Mistral recently announced a SOTA OCR model that converts PDFs into markdown. It works pretty good, even cutting automatically the images. I wanted to be able to use this in Obsidian, so i changed a bit the codes they provide in their documentation to adapt specially the images to work with wikilinks, as by default it encoded the images directly in the markdown document, at that made my notes so slow.
I found it very useful for latex formulas, as before it was dificult, I was sending images of each page to ChatGPT and it was clunky.
Here is the repository: pdf-ocr-obsidian, where I put a python notebook you all can explore. I’m open to improvements, so you can suggest pull requests with any improvements. It would be great if this could work inside obsidian at some point, like the new web-browser plugin does with webpages, but with PDFs…

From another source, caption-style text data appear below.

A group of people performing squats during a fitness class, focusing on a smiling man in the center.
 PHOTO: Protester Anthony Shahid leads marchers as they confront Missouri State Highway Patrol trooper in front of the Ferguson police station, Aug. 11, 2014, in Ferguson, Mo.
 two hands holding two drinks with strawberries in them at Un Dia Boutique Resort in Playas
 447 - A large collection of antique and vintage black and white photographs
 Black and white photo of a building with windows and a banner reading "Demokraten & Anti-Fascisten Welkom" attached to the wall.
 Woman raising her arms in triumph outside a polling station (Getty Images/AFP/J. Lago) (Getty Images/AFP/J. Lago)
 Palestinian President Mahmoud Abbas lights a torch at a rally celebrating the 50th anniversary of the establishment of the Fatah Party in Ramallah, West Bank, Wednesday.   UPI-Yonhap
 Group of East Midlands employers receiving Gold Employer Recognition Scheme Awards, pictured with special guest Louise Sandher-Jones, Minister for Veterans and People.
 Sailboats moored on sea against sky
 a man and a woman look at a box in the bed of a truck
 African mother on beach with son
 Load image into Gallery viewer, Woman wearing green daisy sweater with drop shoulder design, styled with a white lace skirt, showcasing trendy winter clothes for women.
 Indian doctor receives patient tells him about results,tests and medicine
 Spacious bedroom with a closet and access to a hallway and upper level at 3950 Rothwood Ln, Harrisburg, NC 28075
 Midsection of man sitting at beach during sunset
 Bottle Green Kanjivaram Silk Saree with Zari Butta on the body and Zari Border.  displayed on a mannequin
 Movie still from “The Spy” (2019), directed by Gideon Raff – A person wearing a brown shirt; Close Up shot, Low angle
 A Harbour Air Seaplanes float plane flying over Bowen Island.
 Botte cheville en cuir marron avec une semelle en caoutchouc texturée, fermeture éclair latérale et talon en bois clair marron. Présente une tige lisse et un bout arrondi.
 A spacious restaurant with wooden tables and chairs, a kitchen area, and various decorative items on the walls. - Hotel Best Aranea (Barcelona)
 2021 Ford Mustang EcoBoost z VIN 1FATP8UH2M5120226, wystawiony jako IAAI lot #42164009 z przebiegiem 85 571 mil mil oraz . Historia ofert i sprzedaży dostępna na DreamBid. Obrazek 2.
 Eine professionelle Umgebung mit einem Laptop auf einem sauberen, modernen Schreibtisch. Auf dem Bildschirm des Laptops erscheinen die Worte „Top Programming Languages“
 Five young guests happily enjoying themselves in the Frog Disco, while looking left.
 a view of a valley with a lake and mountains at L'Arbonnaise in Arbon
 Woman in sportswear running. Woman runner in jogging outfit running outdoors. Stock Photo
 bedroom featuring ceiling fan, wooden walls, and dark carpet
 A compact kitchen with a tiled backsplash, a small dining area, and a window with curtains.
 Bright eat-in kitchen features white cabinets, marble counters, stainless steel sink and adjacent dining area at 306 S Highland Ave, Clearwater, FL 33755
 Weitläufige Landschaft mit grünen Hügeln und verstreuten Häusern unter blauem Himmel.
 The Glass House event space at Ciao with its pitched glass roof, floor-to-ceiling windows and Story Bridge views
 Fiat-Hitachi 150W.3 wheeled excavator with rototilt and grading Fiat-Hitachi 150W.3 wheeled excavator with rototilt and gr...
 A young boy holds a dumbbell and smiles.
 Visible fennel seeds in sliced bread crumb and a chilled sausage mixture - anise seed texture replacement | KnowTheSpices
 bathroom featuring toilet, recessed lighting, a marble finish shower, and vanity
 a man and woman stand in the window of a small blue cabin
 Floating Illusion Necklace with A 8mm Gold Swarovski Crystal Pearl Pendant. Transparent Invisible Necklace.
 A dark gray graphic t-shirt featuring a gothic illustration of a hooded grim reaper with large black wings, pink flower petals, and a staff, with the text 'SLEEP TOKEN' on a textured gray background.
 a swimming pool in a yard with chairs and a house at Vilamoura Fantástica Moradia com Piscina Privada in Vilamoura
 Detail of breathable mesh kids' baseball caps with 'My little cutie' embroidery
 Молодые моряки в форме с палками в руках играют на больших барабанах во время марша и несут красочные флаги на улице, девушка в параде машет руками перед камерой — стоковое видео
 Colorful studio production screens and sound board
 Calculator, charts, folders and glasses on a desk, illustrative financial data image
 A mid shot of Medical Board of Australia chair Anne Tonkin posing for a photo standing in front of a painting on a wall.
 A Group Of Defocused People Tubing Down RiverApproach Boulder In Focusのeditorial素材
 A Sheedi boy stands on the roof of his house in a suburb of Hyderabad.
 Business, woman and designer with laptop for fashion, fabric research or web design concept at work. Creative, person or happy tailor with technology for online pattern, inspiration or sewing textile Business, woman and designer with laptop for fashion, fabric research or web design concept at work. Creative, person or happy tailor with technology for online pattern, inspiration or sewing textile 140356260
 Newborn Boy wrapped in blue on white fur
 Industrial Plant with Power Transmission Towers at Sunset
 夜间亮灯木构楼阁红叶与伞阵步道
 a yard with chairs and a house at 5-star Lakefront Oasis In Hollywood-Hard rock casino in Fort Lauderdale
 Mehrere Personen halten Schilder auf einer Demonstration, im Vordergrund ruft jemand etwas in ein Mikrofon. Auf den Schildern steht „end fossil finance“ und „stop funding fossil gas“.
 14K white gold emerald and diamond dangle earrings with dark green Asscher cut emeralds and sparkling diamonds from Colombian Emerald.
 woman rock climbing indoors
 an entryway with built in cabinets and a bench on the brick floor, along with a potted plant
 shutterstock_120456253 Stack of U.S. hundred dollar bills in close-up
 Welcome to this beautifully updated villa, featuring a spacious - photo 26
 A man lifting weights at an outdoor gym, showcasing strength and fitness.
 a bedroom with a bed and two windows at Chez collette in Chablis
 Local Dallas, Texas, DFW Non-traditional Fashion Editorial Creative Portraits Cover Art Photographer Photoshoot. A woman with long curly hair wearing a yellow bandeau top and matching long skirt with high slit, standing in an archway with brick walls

What has been your experience with the Mistral OCR when it comes to the text maintaining their correct location and not splitting words after the conversion? I’ve been using “Marker” and its fairly solid, here and there I notice some text may result like this: Constru ctive c riticism is welcome, but criticize ideas, not pe ople.
Haven’t seen any errors so far I think. I hate that too. But it looks that as the model is using some kind of LLM, the phrases maintain coherency. But could be worse in some cases if there are hallucinations, the converted phrases would make sense with the context, but entire words could be made up, so it would be harder to find mistakes.
Thanks for sharing! I ran across this post a few months ago, and it inspired me to write a plugin to use Mistral OCR to extract text from PDFs, documents, images, etc. embedded in notes. It’s a bit different than your approach (my main focus was on extracting text to make it searchable, so it doesn’t extract images), but hope you don’t mind me sharing it here too in case anyone finds it helpful for their use case:
Hello! Great to hear that, sure, I’ll also add it to my github project readme, in case somebody else finds it useful. I’ll test the plugin too, would be really useful to have it integrated.